# Home made knock off coconut bars like Oskri help.



## Chicky2 (May 29, 2002)

Has anyone made bars at home like the Oskri coconut bars? I got the plain ones down w/just unsweetened coconut and brown rice syrup. I decided to try to make fruity ones by using up some of my home made jam (I know, not as healthy but using up what I've got and thinking ahead about my gift basket making). I used dark sweet cherry jam and coconut. Not sticky enough. So I added some brown rice syrup. Much better, but still a bit crumbly. I'm sure I can add some more brown rice syrup to make them more sticky next time.

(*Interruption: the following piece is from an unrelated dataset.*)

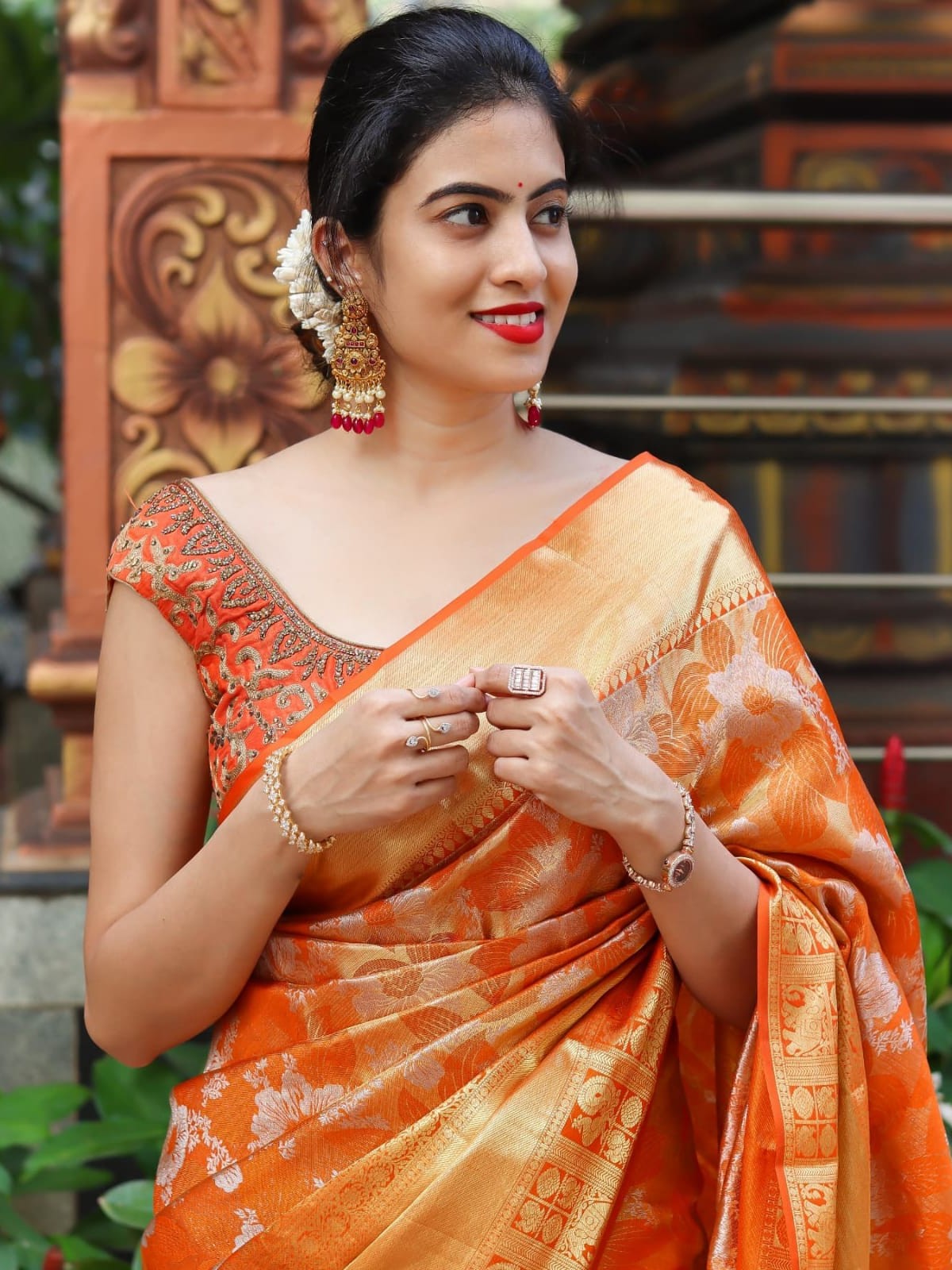 Semi Silk Kanjeevaram Elegant Design Saree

Has anyone ever made any other similar type bars? Sesame bars maybe? How did you make them?


----------



## onewisemnky (Jun 9, 2011)

I've been looking for a recipe for the Oskri bars as well. What ratio of coconut to rice syrup worked for you? I was thinking of adding some all natural berry flavoring to make the "strawberry" flavored ones. I never thought to use Jam. =) Experimenting seems to be our only alternative since I haven't found any other recipes on the net. I will try to make them with the flavoring and let you know how it goes.


----------



## Chicky2 (May 29, 2002)

I never actually figured out the ratio. I slightly heated the coconut and the syrup and then just kneaded it all together until it felt right and would stick together. Seems to work much better if you warm them.


----------